= Problem description =
Nothing in the records that follow should differ once you have copied them out.

= Collected data entries =
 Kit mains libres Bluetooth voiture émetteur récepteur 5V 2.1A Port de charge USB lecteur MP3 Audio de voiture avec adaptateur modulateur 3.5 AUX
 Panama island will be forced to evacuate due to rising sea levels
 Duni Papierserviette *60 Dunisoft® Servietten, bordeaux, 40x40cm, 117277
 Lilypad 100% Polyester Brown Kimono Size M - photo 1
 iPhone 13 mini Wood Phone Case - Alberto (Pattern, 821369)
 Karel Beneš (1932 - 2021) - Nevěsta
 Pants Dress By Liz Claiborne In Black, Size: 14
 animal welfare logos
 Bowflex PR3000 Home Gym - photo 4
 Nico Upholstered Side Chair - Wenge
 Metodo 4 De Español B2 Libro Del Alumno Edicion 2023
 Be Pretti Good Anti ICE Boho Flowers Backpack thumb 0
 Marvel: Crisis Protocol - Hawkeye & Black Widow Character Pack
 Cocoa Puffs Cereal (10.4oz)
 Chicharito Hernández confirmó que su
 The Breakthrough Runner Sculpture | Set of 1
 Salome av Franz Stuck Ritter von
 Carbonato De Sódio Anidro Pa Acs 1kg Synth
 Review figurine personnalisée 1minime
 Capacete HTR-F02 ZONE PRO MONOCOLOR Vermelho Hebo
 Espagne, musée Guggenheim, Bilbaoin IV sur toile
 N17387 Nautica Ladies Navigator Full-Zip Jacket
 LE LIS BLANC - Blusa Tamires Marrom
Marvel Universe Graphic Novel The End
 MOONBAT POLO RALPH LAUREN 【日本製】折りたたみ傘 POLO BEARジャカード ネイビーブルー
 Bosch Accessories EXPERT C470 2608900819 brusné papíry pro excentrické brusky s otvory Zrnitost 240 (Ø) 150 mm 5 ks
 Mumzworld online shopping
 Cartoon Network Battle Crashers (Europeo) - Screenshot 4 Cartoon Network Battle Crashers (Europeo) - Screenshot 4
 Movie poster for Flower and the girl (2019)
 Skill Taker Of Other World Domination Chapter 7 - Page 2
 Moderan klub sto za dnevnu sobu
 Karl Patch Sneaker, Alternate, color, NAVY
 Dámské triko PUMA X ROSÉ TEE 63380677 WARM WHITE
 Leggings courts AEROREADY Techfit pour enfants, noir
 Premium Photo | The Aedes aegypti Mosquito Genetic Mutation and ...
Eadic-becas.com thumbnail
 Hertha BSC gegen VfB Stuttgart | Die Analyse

= Task output =
 Kit mains libres Bluetooth voiture émetteur récepteur 5V 2.1A Port de charge USB lecteur MP3 Audio de voiture avec adaptateur modulateur 3.5 AUX
 Panama island will be forced to evacuate due to rising sea levels
 Duni Papierserviette *60 Dunisoft® Servietten, bordeaux, 40x40cm, 117277
 Lilypad 100% Polyester Brown Kimono Size M - photo 1
 iPhone 13 mini Wood Phone Case - Alberto (Pattern, 821369)
 Karel Beneš (1932 - 2021) - Nevěsta
 Pants Dress By Liz Claiborne In Black, Size: 14
 animal welfare logos
 Bowflex PR3000 Home Gym - photo 4
 Nico Upholstered Side Chair - Wenge
 Metodo 4 De Español B2 Libro Del Alumno Edicion 2023
 Be Pretti Good Anti ICE Boho Flowers Backpack thumb 0
 Marvel: Crisis Protocol - Hawkeye & Black Widow Character Pack
 Cocoa Puffs Cereal (10.4oz)
 Chicharito Hernández confirmó que su
 The Breakthrough Runner Sculpture | Set of 1
 Salome av Franz Stuck Ritter von
 Carbonato De Sódio Anidro Pa Acs 1kg Synth
 Review figurine personnalisée 1minime
 Capacete HTR-F02 ZONE PRO MONOCOLOR Vermelho Hebo
 Espagne, musée Guggenheim, Bilbaoin IV sur toile
 N17387 Nautica Ladies Navigator Full-Zip Jacket
 LE LIS BLANC - Blusa Tamires Marrom
Marvel Universe Graphic Novel The End
 MOONBAT POLO RALPH LAUREN 【日本製】折りたたみ傘 POLO BEARジャカード ネイビーブルー
 Bosch Accessories EXPERT C470 2608900819 brusné papíry pro excentrické brusky s otvory Zrnitost 240 (Ø) 150 mm 5 ks
 Mumzworld online shopping
 Cartoon Network Battle Crashers (Europeo) - Screenshot 4 Cartoon Network Battle Crashers (Europeo) - Screenshot 4
 Movie poster for Flower and the girl (2019)
 Skill Taker Of Other World Domination Chapter 7 - Page 2
 Moderan klub sto za dnevnu sobu
 Karl Patch Sneaker, Alternate, color, NAVY
 Dámské triko PUMA X ROSÉ TEE 63380677 WARM WHITE
 Leggings courts AEROREADY Techfit pour enfants, noir
 Premium Photo | The Aedes aegypti Mosquito Genetic Mutation and ...
Eadic-becas.com thumbnail
 Hertha BSC gegen VfB Stuttgart | Die Analyse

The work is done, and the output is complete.